Kompeni mengajak para raja-raja lokal untuk sama-sama
memaksa petani menanam produk pertanian tertentu dengan jumlah tertentu. Petani
juga dibebani berbagai macam pajak. Keuntungan yang tidak seberapa, kebutuhan
hidup yang semakin meningkat, ditambah dengan pajak yang semakin membebani
membuat petani terjerat hutang. Para petani berhutang dengan bunga tinggi pada
orang Cina dan penguasa lokal, yang pengembalian hutangnya dapat dibayar dengan
hasil pertanian (sistem ijon). Dalam kondisi seperti ini, bekerja dan berhutang
menjadi tidak ada bedanya. Sebab, bekerja adalah untuk menambal hutang. Sedang
berhutang adalah untuk modal bekerja.
Dalam struktur kekuasaan kolonial, pemerintah kompeni
menempati struktur paling atas. Namun untuk membendung gejala psiko sosial xenophobia,
melawan pada yang asing, dalam benak pribumi tertindas, kompeni mengecer
sebagian kecil kekuasaannya kepada para penguasa lokal. Para penguasa ini menjadi
kaki tangan kompeni dan menjadikannya sebagai aktor yang bersentuhan langsung
dengan kaum pribumi tertindas dalam sistem eksploitasi kolonial kompeni.

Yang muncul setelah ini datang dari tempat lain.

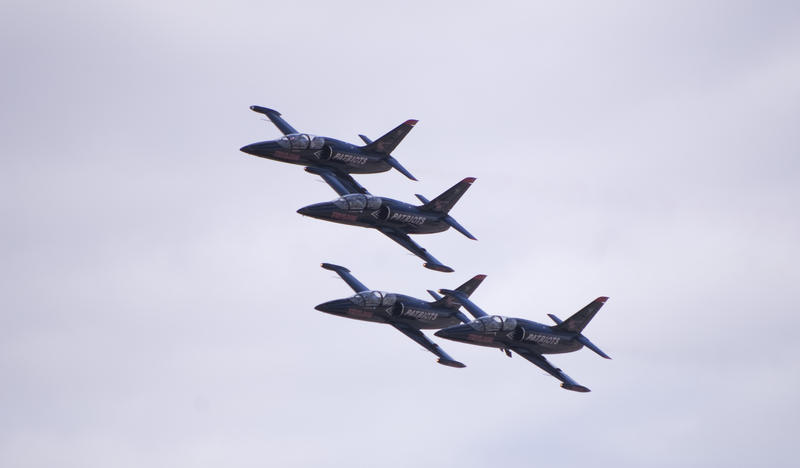 the patriots jet display team in a formation flyby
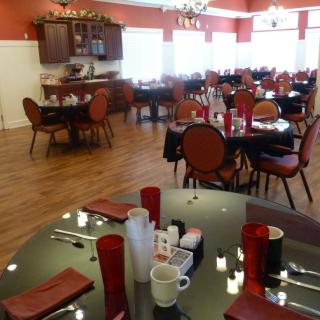 An empty restaurant dining area with neatly set tables and chairs.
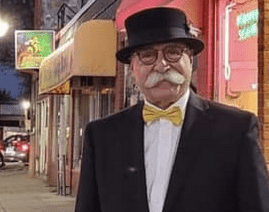 A homeless man in a tuxedo and bow tie standing on a city street.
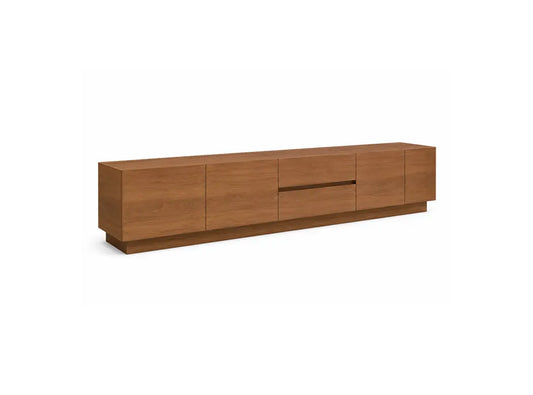 A modern long low media console with a warm medium-brown wood grain finish, featuring four cabinet doors and a central drawer with a recessed handle, shown on a plain white background.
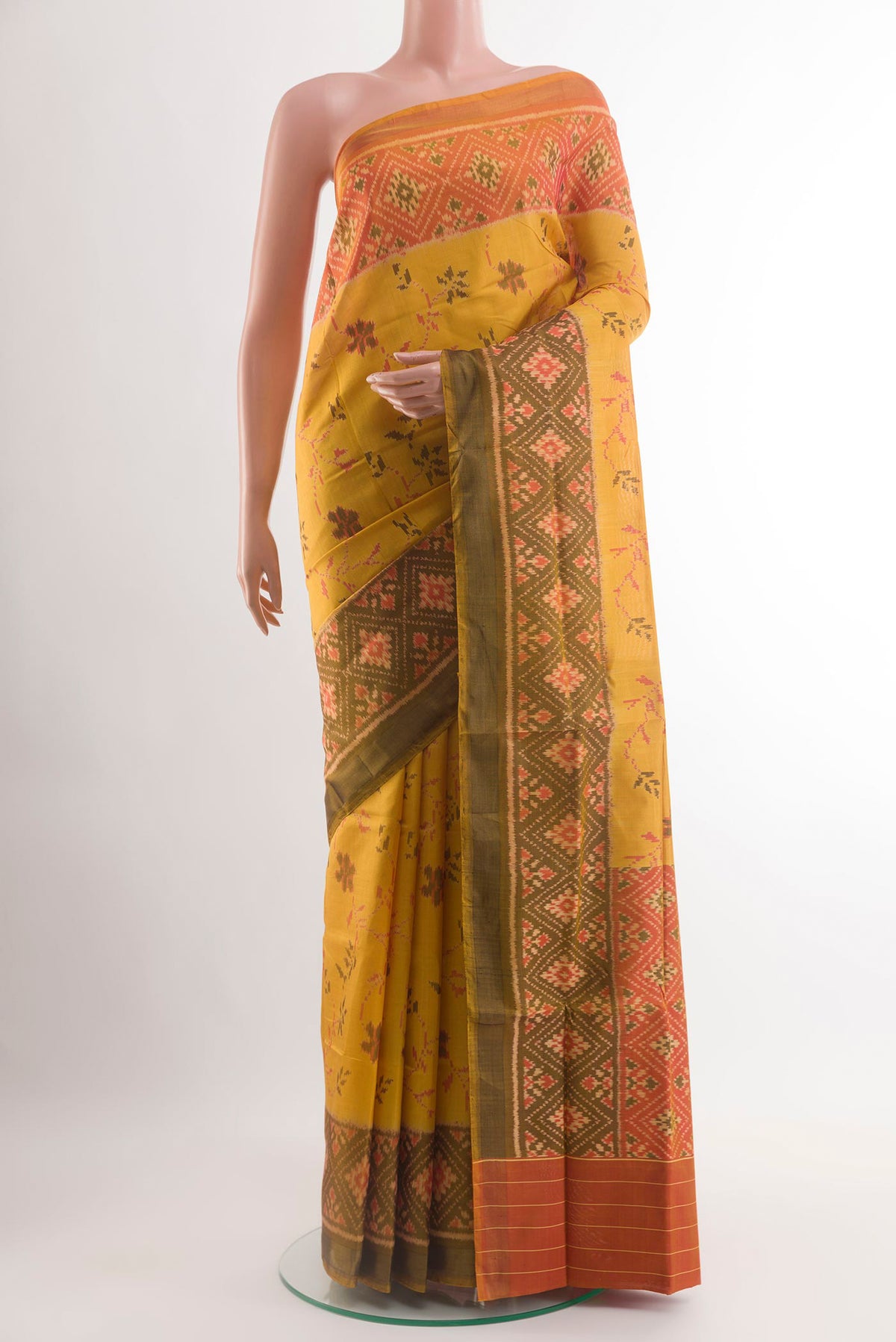 Yellow Rajkot Patola Silk Saree with Ikat design on the body and Ikat Border.  displayed on a mannequin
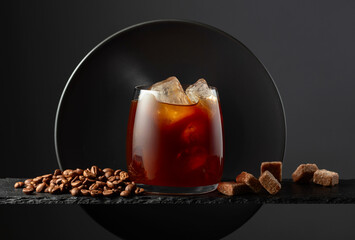 Black coffee with ice on a black background.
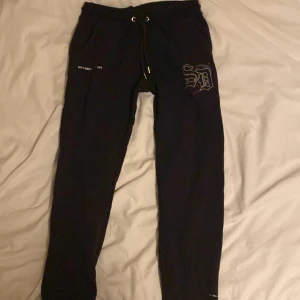 Supply & Demand mjukisbyxor - Svarta mjukisbyxor med snörning i midjan och coolt tryck på ena benet. Byxorna har muddar vid bensluten och fickor på sidorna. Perfekta för chill dagar eller när du vill ha en avslappnad stil.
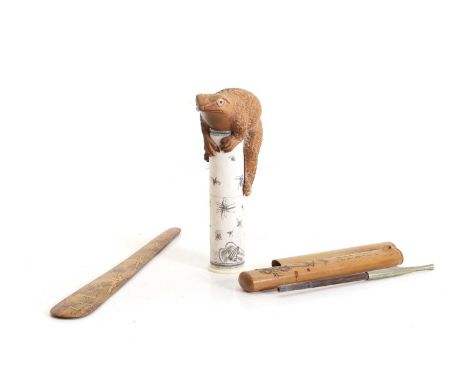 A Japanese boxwood and bone okimono / scroll holder,  the large toad with ivory and glass eyes sat atop of the scroll holder 
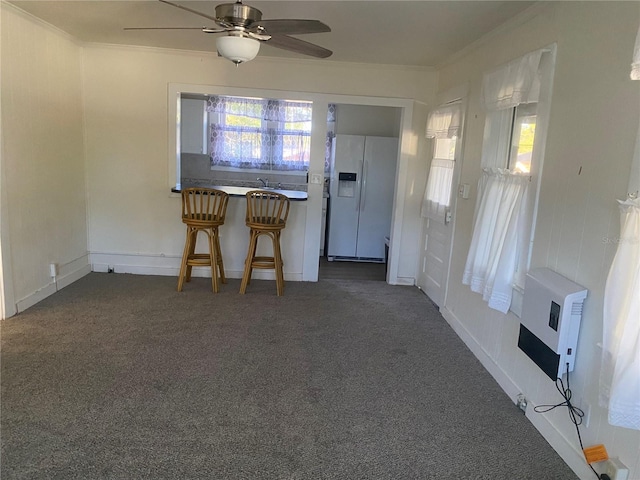 interior space with heating unit, a ceiling fan, dark carpet, and ornamental molding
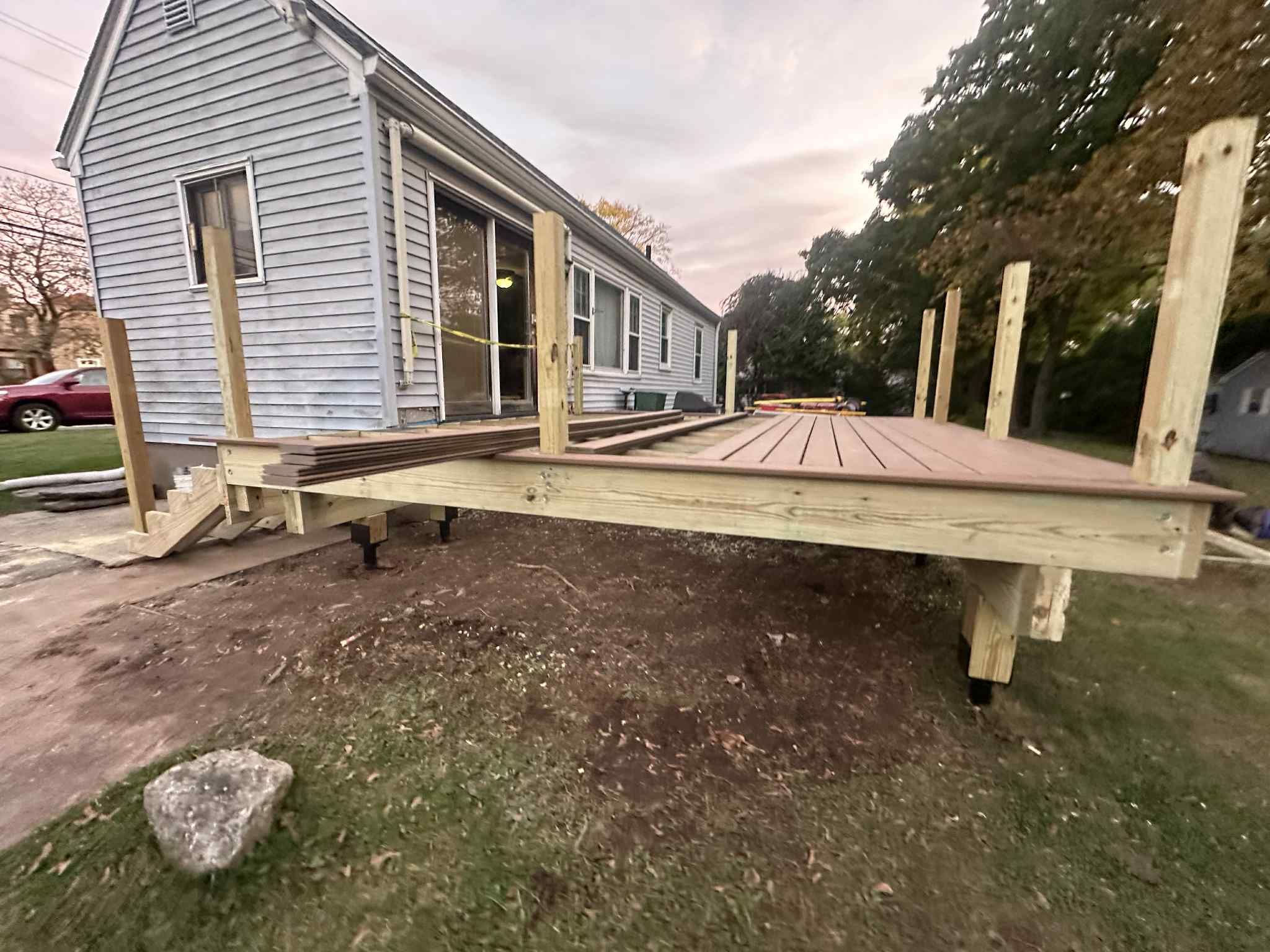 Deck Replacement with Trex Lineage Jasper, Custom Railings and Trex colored fascia by DiGiorgi Roofing and Siding Inc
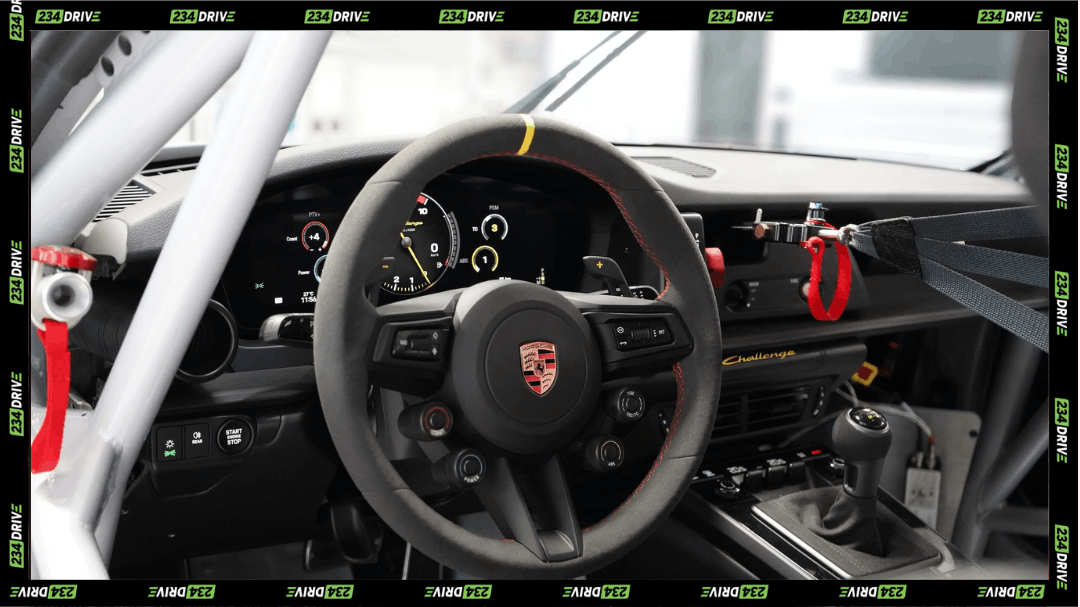 The Porsche 911 Challenge cockpit centres its racing steering wheel, digital display, roll cage, dashboard controls and safety harness for track competition.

Dipimpin oleh orang asing tentu berbeda dengan dipimpin orang sendiri. Untuk
menjalankan sistem ini, kompeni mengajak para raja lokal, adik-adik raja, dan
kerabat raja sebagai tangan kanan kepercayaan. Oleh kompeni mereka diberi
banyak keistimewaan, seperti gaji, perlindungan keamanan dan pewarisan jabatan
pada anak kerabatnya selama tujuh turunan.
Dalam kehidupan kolonial, kesejahteraan ekonomi
mengikuti aliran kekuasaan kompeni. Semakin
banyak seseorang mendapatkan aliran kekuasaan kompeni, semakin besar peluangnya
untuk mendapatkan uang. Di Indonesia masa kolonial, kekuasaan menentukan
kesejahteraan, kekuasaan menentukan ekonomi, orang berharta, jika ia berkuasa.
Dengan kata lain, ia kaya hanya ketika ia mampu mendapatkan kuasa, dan
memanfaatkannya untuk meraup kekayaan. Logika Marx terbalik-balik di sini. Dalam
logika Marx, Capital= Money-Comodity-Money. Namun kenyataannya, di Indonesia
masa kolonial, bukan uang yang hadir duluan menciptaan rantai kapital. Namun kekuasaan
yang menentukan uang. Money doesn’t
create money, power create money. Uang tidak menciptakan uang, melainkan
kuasa yang menciptakan uang. Karena logika Marx tentang kapital tidak berlaku, dengan
kata lain, kapitalisme (sekaligus budaya kapitalisme tentu saja) juga tidak
berlaku di Indonesia masa kolonial.
Dibandingkan dengan seluruh total rakyat pribumi,
hanya sedikit saja dari mereka yang mendapatkan eceran kuasa dari kompeni.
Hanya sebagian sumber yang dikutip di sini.